Thursday, May 25, 2017

Day 33: Feeding and Frame Technology

Today was not a regularly scheduled visit to the bee yard, but I needed to get the super (upper box) on the Flow (the cranky hive) so that maybe they'd get happier with the additional room. I got out the hive body pieces yesterday and put them together, then I stained them... and then I realized I had the wrong size box. Oh I had an 8-frame box alright, but I had a deep instead of medium and it is recommended that you use three mediums, or one deep and one medium for the bees (their brood, honey and pollen) in Central Texas. I already have a deep on the bottom so I didn't want another deep. It's already going to be next year before I put the Flow honey super on the top and start collecting honey for myself from that hive (every box after the first two is for honey collection for the beekeeper).

So this morning I got online and hunted for the closest place I could go to buy bee supplies. I found a lovely place in Florence Texas, about 50 minutes north of our house, called Busy Bee Beekeeping Supplies. At 9:30 am, Gallifrey, Jig and I hit the road. Turns out they are a dealer for Mann Lake--the online place I bought the last frames and hive bodies--so I loaded up on all kinds of fun things. I got a frame board for wiring up my own wax frames, wax foundation (for the frames), eyelets, an embedding tool for the wire, a wire spool rack, honey, books, more hive bodies (mediums this time), and a really cool division board feeder called a closed top ladder feeder.

This feeder is the coolest thing It holds a gallon of syrup and has the same body as the other division board feeders I have, but it also has a top with two holes for the bees to enter to access the syrup. It has O rings to keep the sides from bowing out into the hive from the weight of the syrup, and it has two plastic sock things that look like the wrappings you get on Asian pears at the supermarket. The bees climb down the socks to get to the syrup, and it's easy for them to climb back up so they don't drown! No matter how many sticks I floated in the syrup in two of the last feeders like this I had, I still had a lot of drowned bees. This handy dandy contraption looks like a really good way to save my bees.

While I was talking to the owner she told me that they don't use the boardman feeders because she thinks they encourage robbing and they need to be refilled to frequently. She did, however, show me how to use them with my entrance reducers. Now if I want to continue using them I need to put the reducers back in. And all the feeders were empty today so I should probably still be feeding, and I'll put the reducers back in tomorrow when I fill the syrup jars.
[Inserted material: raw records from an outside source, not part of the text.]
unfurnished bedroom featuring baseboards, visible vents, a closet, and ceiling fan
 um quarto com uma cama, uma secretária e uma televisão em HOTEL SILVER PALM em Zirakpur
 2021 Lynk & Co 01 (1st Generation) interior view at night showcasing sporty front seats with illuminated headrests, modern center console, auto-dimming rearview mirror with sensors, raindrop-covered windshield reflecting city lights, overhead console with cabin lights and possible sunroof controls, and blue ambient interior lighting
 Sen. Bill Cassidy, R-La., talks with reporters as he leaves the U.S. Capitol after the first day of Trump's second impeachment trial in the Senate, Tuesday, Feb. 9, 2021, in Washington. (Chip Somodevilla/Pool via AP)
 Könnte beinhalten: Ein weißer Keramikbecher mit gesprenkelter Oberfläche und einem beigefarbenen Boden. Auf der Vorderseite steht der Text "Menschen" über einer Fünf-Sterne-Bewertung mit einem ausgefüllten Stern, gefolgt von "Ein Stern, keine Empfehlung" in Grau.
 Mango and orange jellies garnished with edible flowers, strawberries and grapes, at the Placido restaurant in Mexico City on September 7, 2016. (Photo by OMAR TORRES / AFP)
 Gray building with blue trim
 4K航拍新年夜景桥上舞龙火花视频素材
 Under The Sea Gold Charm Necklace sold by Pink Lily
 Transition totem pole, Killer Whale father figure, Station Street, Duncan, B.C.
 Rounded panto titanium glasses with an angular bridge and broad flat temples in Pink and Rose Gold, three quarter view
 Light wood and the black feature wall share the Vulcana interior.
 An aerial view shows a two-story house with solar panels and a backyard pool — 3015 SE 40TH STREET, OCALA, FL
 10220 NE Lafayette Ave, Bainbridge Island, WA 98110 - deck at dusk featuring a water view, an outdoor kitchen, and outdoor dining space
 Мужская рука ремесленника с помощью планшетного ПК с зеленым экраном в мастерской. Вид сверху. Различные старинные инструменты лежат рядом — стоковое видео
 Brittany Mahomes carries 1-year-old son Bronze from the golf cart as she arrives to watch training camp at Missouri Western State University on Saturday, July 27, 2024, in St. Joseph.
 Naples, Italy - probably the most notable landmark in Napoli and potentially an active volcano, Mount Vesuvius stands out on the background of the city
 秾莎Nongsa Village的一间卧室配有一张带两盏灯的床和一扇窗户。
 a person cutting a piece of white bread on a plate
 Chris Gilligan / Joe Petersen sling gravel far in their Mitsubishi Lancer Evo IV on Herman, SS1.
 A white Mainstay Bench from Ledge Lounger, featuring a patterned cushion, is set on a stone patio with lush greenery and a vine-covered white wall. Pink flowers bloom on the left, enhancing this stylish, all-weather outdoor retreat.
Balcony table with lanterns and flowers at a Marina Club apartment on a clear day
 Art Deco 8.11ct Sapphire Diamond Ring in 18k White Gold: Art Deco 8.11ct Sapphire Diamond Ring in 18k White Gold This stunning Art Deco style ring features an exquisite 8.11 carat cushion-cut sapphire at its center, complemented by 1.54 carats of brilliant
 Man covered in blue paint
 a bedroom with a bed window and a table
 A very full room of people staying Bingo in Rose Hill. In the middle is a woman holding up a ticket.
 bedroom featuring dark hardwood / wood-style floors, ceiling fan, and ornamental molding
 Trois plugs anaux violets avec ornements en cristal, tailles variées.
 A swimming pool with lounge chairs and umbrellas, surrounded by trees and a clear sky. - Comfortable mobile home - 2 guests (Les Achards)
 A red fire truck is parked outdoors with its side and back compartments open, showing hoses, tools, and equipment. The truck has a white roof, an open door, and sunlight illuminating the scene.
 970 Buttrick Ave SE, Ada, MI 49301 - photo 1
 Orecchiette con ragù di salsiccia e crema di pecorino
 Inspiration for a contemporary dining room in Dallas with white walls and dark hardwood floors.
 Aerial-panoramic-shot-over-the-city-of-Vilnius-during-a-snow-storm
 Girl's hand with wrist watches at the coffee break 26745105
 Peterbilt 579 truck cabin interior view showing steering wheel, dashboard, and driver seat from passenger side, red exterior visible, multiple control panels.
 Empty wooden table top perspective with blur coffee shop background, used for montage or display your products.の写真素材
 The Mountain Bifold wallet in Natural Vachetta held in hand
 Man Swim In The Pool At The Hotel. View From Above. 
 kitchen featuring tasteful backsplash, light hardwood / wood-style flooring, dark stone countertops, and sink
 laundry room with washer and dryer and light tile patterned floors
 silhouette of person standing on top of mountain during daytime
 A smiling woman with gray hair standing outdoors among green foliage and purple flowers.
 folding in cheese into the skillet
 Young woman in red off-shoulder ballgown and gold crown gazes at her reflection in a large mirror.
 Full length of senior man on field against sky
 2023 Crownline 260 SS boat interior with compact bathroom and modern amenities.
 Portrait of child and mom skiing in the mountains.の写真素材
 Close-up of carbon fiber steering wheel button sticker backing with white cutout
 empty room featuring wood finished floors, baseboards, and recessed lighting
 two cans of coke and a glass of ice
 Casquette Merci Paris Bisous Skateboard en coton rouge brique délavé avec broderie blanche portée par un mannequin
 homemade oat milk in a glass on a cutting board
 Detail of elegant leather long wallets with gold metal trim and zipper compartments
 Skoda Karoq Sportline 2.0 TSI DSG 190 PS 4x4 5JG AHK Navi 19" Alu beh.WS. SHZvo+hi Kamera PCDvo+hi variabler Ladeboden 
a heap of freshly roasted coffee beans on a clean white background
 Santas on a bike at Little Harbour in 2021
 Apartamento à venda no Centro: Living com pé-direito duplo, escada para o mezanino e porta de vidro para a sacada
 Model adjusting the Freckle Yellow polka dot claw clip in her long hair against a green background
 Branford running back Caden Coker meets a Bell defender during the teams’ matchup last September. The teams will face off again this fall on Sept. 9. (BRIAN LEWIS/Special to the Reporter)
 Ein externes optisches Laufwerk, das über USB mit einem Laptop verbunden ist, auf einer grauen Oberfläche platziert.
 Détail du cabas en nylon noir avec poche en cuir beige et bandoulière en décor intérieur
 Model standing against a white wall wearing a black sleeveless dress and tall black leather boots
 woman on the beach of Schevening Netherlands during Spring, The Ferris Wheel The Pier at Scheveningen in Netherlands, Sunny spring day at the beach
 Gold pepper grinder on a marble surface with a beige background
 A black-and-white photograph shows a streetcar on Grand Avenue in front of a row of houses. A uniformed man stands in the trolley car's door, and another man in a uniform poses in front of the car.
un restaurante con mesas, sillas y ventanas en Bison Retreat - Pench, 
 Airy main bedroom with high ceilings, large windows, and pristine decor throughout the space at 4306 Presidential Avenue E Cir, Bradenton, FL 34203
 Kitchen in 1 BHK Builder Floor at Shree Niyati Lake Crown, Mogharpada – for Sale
This afternoon I stained the new medium super, let it dry, and filled it with the black and yellow plastic foundation frames I previously bought from Mann Lake. Then I suited up, lit the smoker, and headed to Hive #4. I smoked them good--entrance and under the cover--before I took the top and the inner cover off. I carefully brushed bees away from the top edges of the brood box and set the new box on it. A bit of smoke convinced the bees hanging on the inner cover and lid to go elsewhere while I put them back on, and I headed back to the bee supply shed (the RO system side of the well house right next to the bee yard). Not a single bee angrily buzzed me! No kamikazes, no killer bees. Huzzah!

The video below is done by the wonderful people at the Flow and shows how to put together your own frames. What I am going to do with the wax foundation is shown starting at minute 7:29.

Tomorrow, decorative painting of the hives!